Lie Groups and PDEs
I found a solid background in PDE, together with some physics, to be a useful entry point to Olver's nice book. There's the 'Lectures on Partial Differential Equations' by V.I.Arnold which is fun to read alongside, if not before. Any solid book on mathematical methods in classical mechanics and quantum mechanics should prove useful as well. Finally, I agree with Deane- the most efficient path is to start reading the book, and learn the material you need as you proceed.
Just to advocate the relevance of groups in PDEs.
- On the one hand, when a PDE admits a group of symmetries (often translations, rotations, but also Galilean transformation or conformal transformation, ...) you may look for special solutions that behave well under some subgroup (they are invariant or equi-variant). This leads to PDEs in smaller dimensions, or even to ODEs. One aspect of this approach leads to special functions, orthogonal polynomials, harmonic analysis and so on.

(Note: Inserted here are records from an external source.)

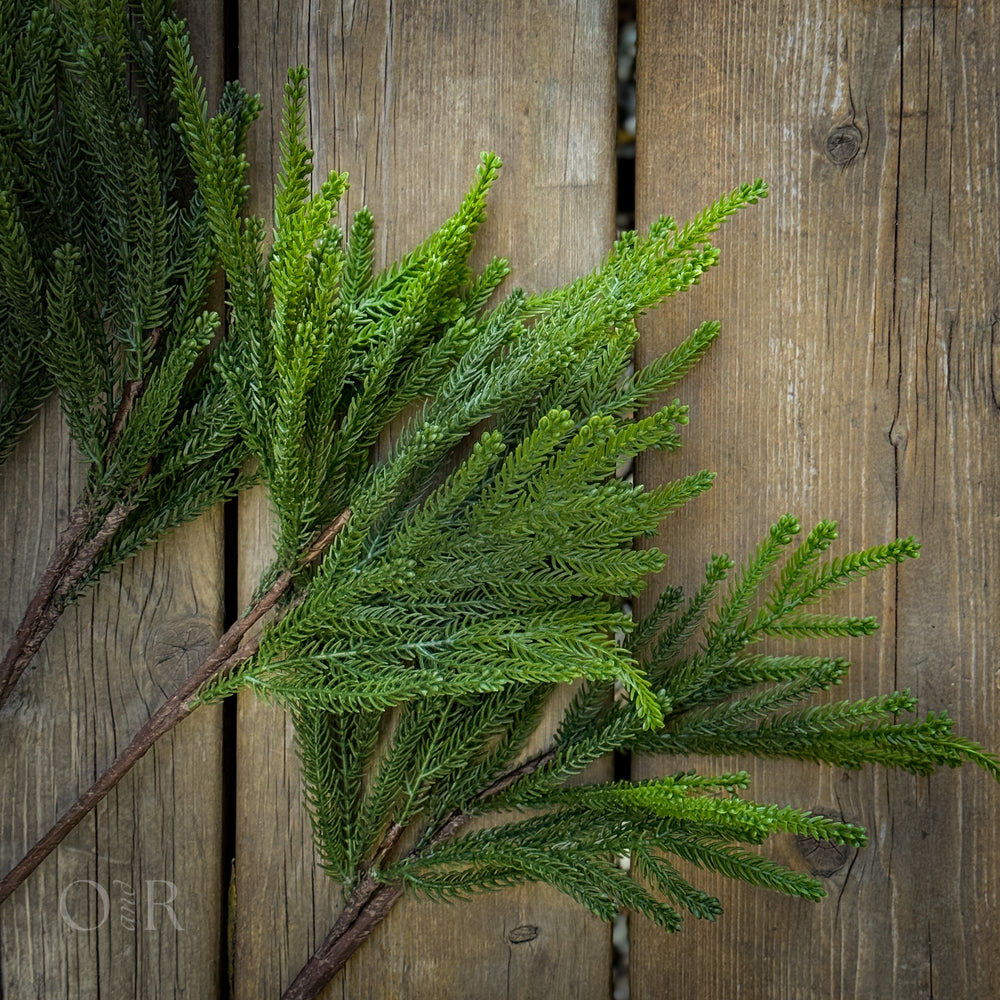 Pine Spray.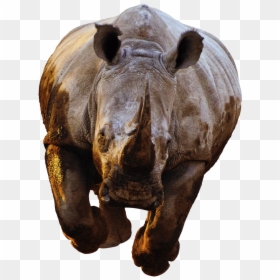Rhinoceros Front Png, Transparent Png - rhinoceros png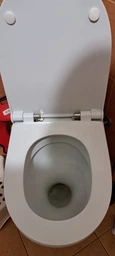 Крышка для унитаза быстросъемное с микролифтом, 346х442 мм, Soloplast СП12-Д фото от покупателей 1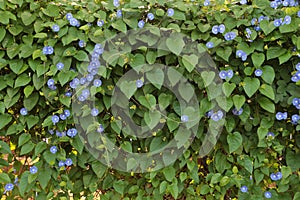 Bunch of blue garden flower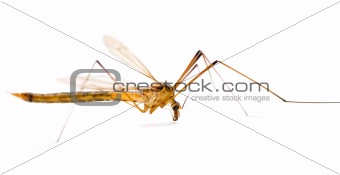mosquito macro
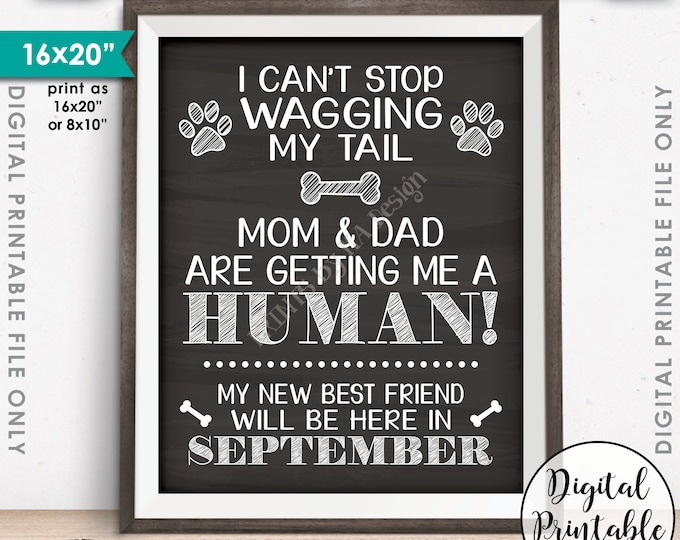 Dog Pregnancy Announcement Sign, Mom & Dad are Getting Me a Human in SEPTEMBER Dated Chalkboard Style PRINTABLE Baby Reveal Sign <ID>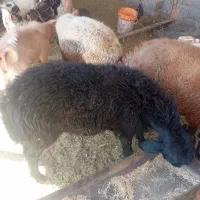 قوچ هترو|حیوانات مزرعه|جغتای, |دیوار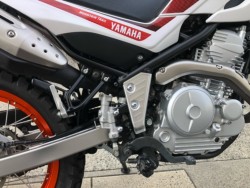 ���}�n�Z���[250�i�L�����L���s���j�摜5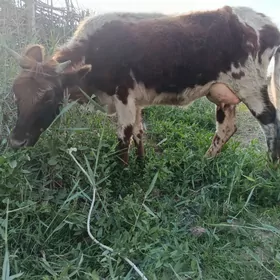 ТАНАЛЫ СЫГЫР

- On the other hand, the conservation laws play an important role in PDEs, for instance when we look for a priori estimates in order to prove the existence of solutions to either boundary-value problems or Cauchy problems. By Noether's Theorem, there is a correspondance between the symmetries of the PDE and its conservation laws. Notice that this is not specific to PDEs; it happens already in ODEs.
Try Lawrence Dresner's book on the subject, Applications of Lie's Theory of Ordinary and Partial Differential Equations. It lacks Olver's rigor but gets you up and running on the applications.